バーディは少し悩む素振りを見せたが、困ったようにこちらに向き、言った。

「すみません、人間にはほぼ使えないとされる代物なんです。魔法を使うためにはここいらにある魔素を練ります。それができるのは魔女だけな訳ではないんですが…」
「それって使うことが出来る人もいるってこと?」

頷くような、頷かないようなあいまいな素振りをしながら彼は言う。

「魔女の一族は皆、先天的に魔法の使い方が分かります。そのため生まれたばかりの赤子でも魔法を使うことは十分可能なんです。」

彼は続ける。

「ただし、直感でやっているため人間に説明しても伝わらないことがほとんどなんです。ちなみに僕たちはの感覚は『指先に魔素を集中させるだけ』です」

それを聞いてルーチャが指先を見つめ始める。
「ふぬぬぬぬ」
しかし、なにも起こらなかった。彼女はあきらめない。
「ぬぐぐぐぐ」
力み始める。突き出している人差し指がとんでしまいそうな勢いだ。
「ぷはあ」
少女は大きく息を吐く。指先に集中してはいたようだが…

「やはりだめですか…」

こういう時、何も興味ないふりをしている男は大概密かに試している。
かくいうギリーもその一人。声を潜めてオレこそはと試していた。だが結果は同じだ。
転生した体なら出来るかと思ったが、そうはうまくいかないようだ。

「ギリーならいけるかな?」
「いや、ダメそうだ」

少女が肩を落とす。バーディはそれを見て、慰めるように言った。

「過去に1人成功者がいたようですが、その人は60年間修業をしたと言っていました」
「60年?!」

とんでもない話だ。まさにそのためだけに生涯をささげてきた人だったのだろう。というより、気になることがある。

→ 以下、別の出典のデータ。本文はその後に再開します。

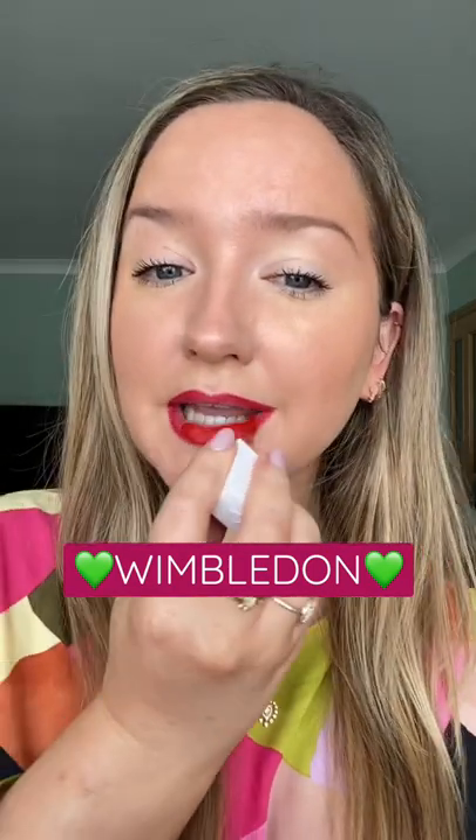A touch of brows and then a bright red lip to match the strawberries I'll be having in my Pimm's. I'm using the Half Magic Beauty Sculptitude Liner and Mouth Cloud for this red lip. I usually hate anything in a matte texture but these are really comfortable.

「その成功者ってのは魔女の一族とともに過ごしてたのか?」
「はい。実は人間と共存していた時期もいくつかあったそうです。時代によって過剰に恐れて襲って来たり、かと言えばともに生きたりと、人間と魔女との歴史は簡単には言い表せません」
バーディは続ける。

「僕は…どちらの種類の人間も見てきましたからね」

困ったような笑顔で青年は言う。だが、その声は愁いを帯びていた。